Mitchell explained Hedwig‘s genesis -- “a baby sitter who worked for our family in Kansas, named Helga. She was an Army wife who kind of looked like Hedwig. I was 14.” Mitchell tells of going to Helga’s trailer, of singing and acting out “Copacabana” and “Lying Eyes,” and of Helga giving him alcoholic drinks if he was good.
“A tragic pattern that‘s played out through the rest of my life,” Mitchell quips sardonically. “Helga had a lot of dates who came up the driveway, and she wasn’t very cute. ‘Why does she have so many dates, and why does she not like some of them?’ I wondered. Of course, I later understood she was a prostitute . . .
”So Helga became Hedwig.“
As Mitchell and Trask conceived of a musical based on Helga, composer Trask says he wanted her to be a frustrated musician, while performer Mitchell saw her as an actor. She became a little of both. The Fonda production opens with ”girlyboy“ Hedwig prancing onstage, responding to audience applause with ”Thank you, thank you. I love a warm hand on my opening“ -- a line that more or less sets the evening‘s tone. Standing anxiously forlorn in front of beamed images of her LAPD mug shots, Hedwig explains how she was fellating a former lover, Tommy Gnosis, in his limousine when the vehicle struck . . . a child. This most recent in a series of rotten-luck incidents frames Hedwig’s narrative of hisher life, punctuated by Trask‘s muscular songs (performed by a five-piece band named Cheater) and juxtaposed against narcissist Tommy’s offstage, sold-out gig at the Hollywood Bowl. As Mitchell points out, Hedwig and the Angry Inch is really just a gussied-up performance-art piece about a boy who found himself on the East German side of the Berlin Wall and has been trying to cross various barriers ever since. (Hedwig endured a botched sex-change operation in order to escape to the U.S. as the wife of an American GI.)

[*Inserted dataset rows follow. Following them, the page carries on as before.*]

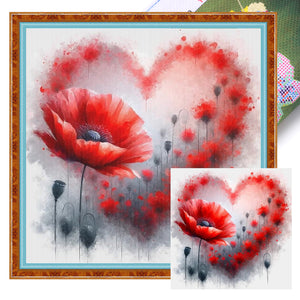 Heart Poppy - 40*40CM 11CT Stamped Cross Stitch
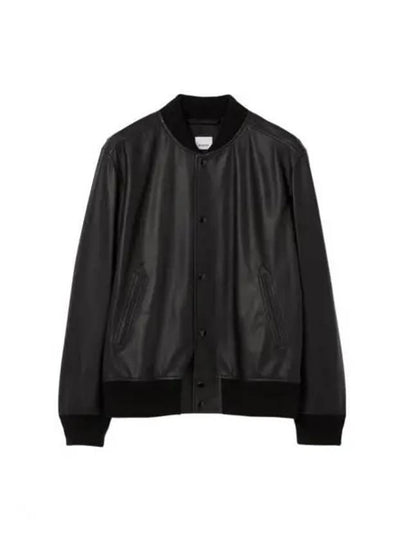 Embossed Logo Leather Bomber Jacket Black - BURBERRY - BALAAN 2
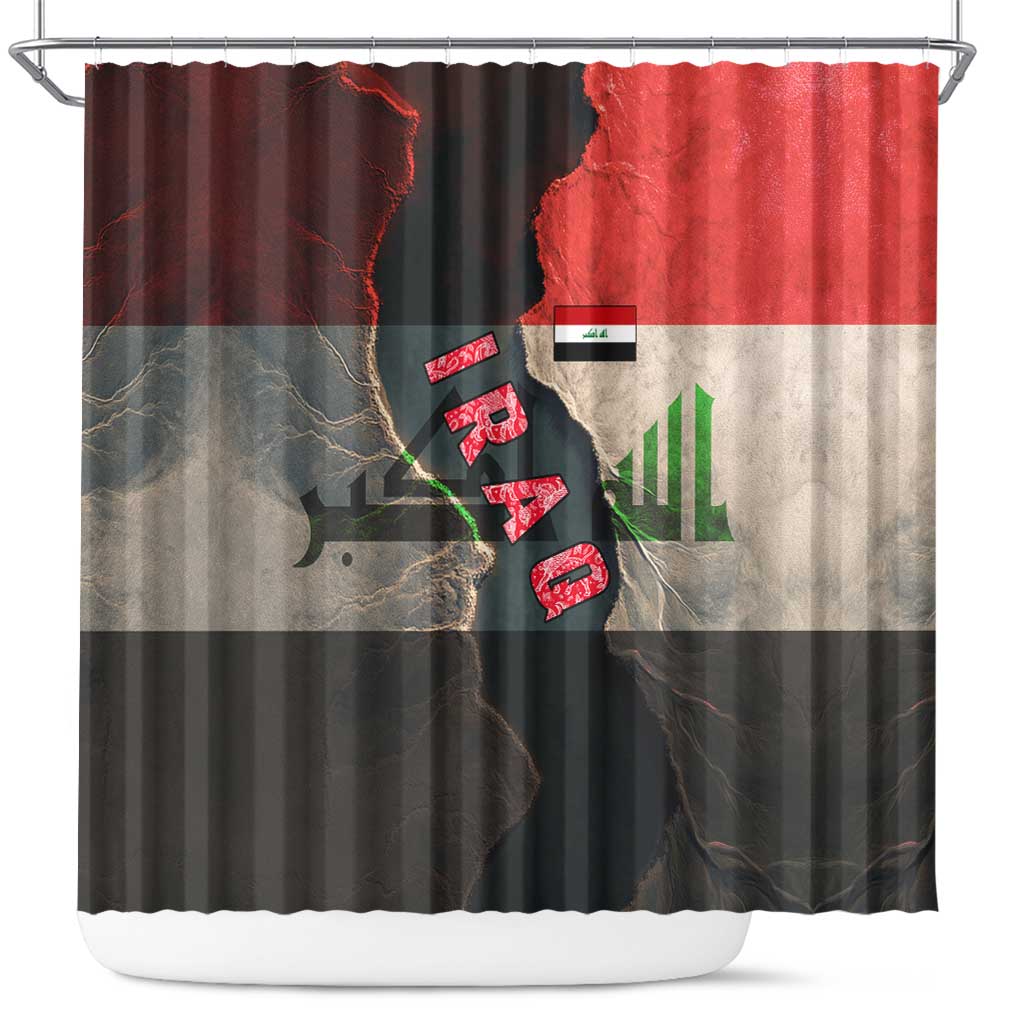 Iraq Flag Texture Shower Curtain with Golden Eagle Emblem and Cracked Earth Background Design - Wonder Print Shop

Explains Trask, ”Hedwig turned out to be a struggling musician with resentment for people who have made it. Combining this with philosophies that John had, we were able to tell our own stories through this improbable character. We workshopped it at a [NYC] club called Squeeze Box, where a punk band would back up a drag queen. A lot of L.A. people came there, too -- Vaginal Davis, Jackie Beat.“ Mitchell performed as Hedwig, though the management was at first reluctant to let him onstage because he wasn‘t a professional drag queen.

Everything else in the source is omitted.